[PROVIDED MATERIAL — start]

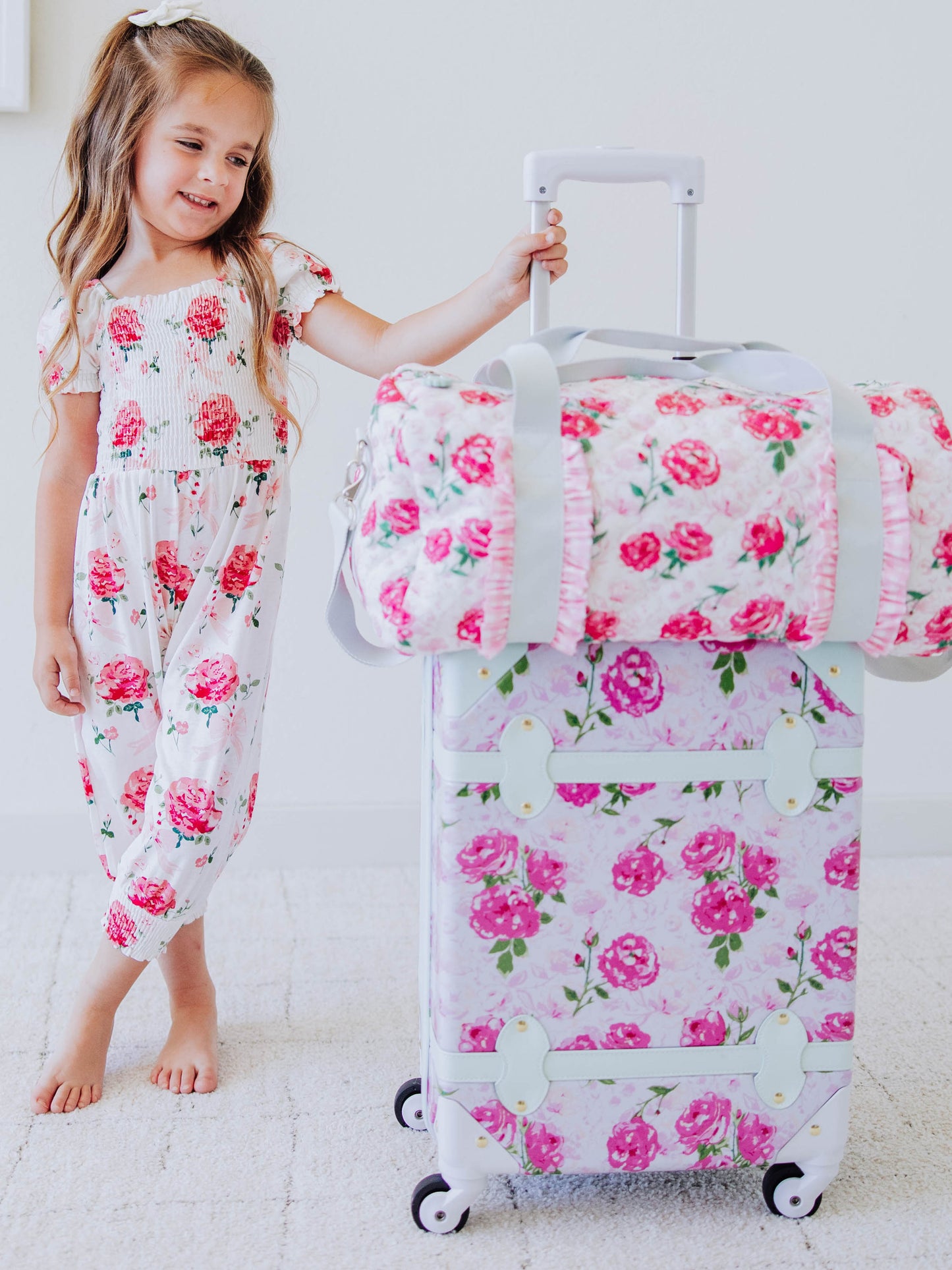 Lennon Traveling Luggage - Raspberry Roses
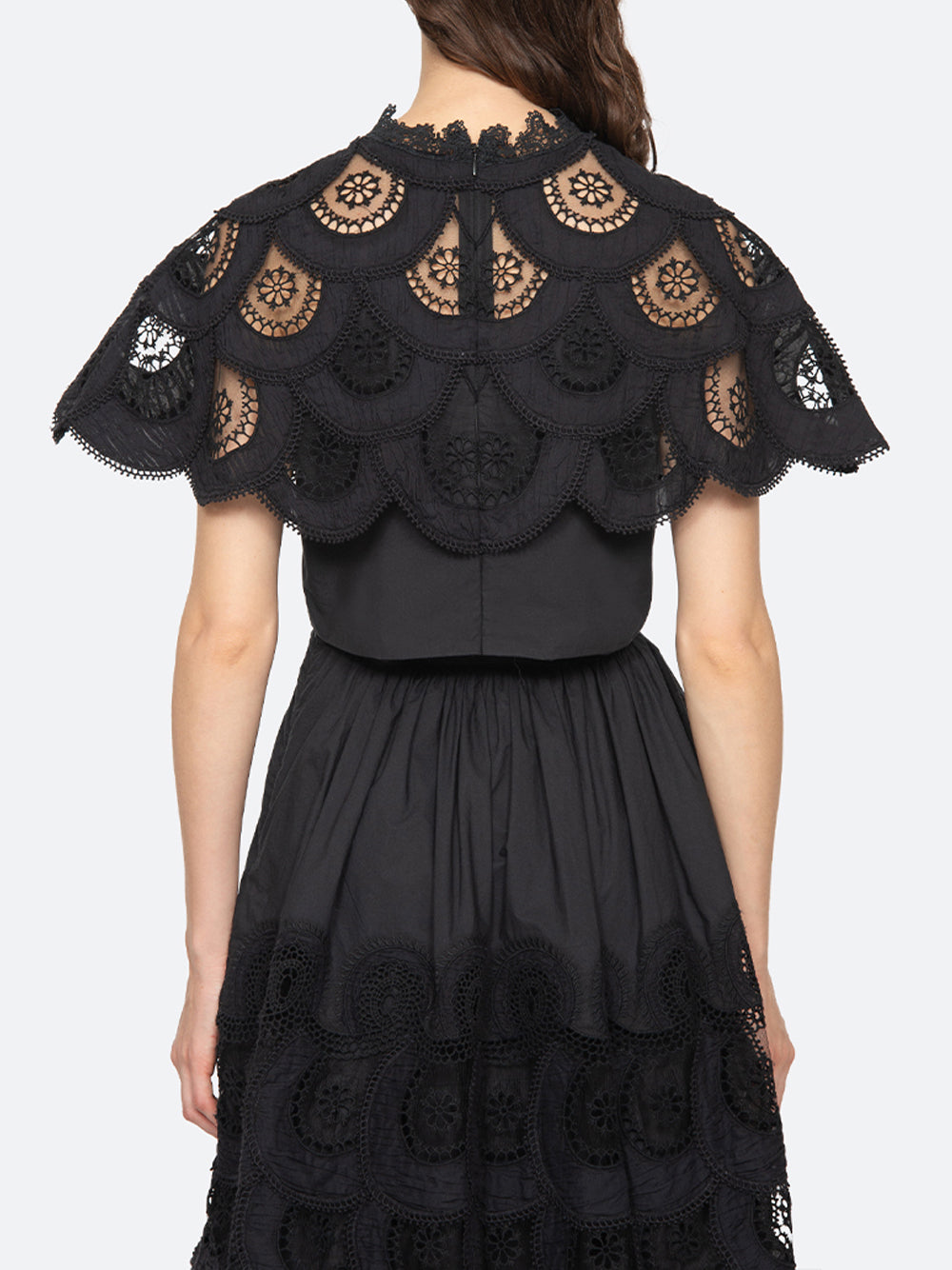 Drea Embroidered Top (Black)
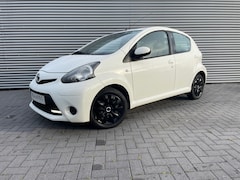 Toyota Aygo - 1.0 VVT-i navigator bouwjaar 2014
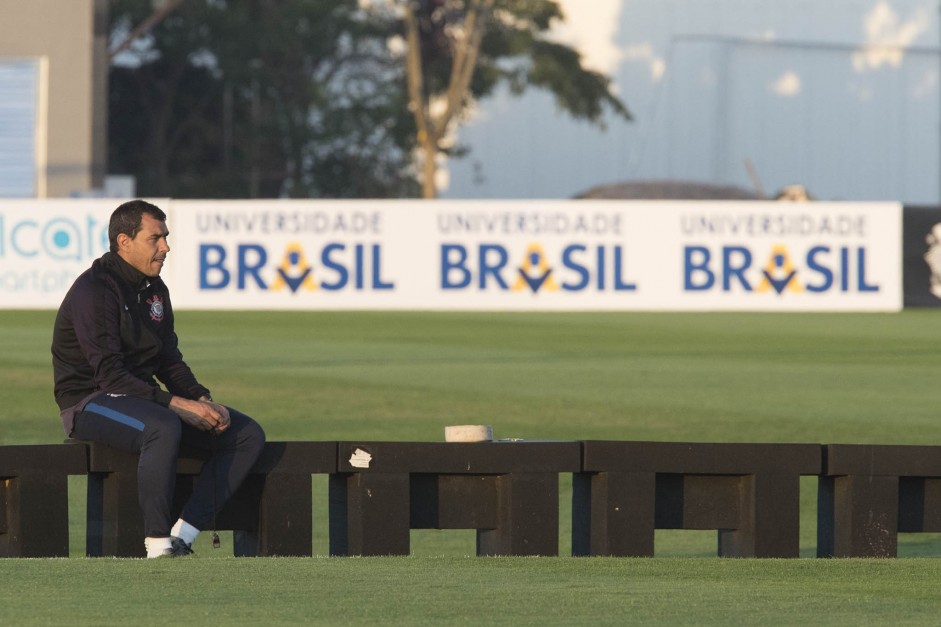 Carille observa sentado o treino de hoje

[PROVIDED MATERIAL — finish]

_DESCRIPTION OF THE TASK_
Extract exactly the lines above from the line containing "Drea Embroidered Top (Black)" through the last one, both ends included, but not the pictures.

_ANSWER TO THE PROBLEM_
 Drea Embroidered Top (Black)
 Toyota Aygo - 1.0 VVT-i navigator bouwjaar 2014
 Carille observa sentado o treino de hoje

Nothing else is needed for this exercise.